■ TASK MATERIAL ■
* * *

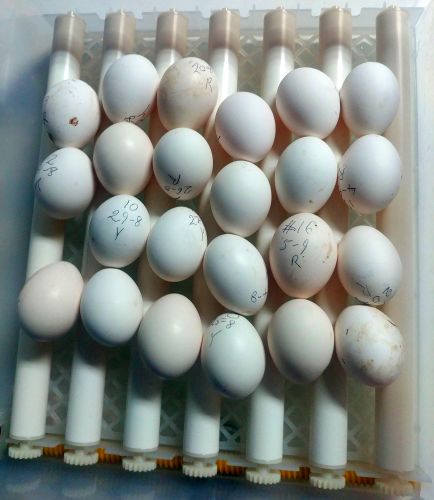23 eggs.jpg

* * *

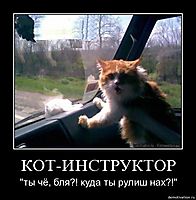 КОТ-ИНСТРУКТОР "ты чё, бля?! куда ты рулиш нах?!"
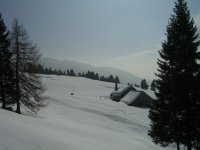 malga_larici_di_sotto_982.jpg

* * *

The lines to copy exactly start with the line above that has "чё, бля?! куда" and go on through the line that has "malga_larici_di_sotto_982.jpg"; please include both, add nothing else, and omit the pictures.

■ EXERCISE SOLUTION ■
 КОТ-ИНСТРУКТОР "ты чё, бля?! куда ты рулиш нах?!"
 malga_larici_di_sotto_982.jpg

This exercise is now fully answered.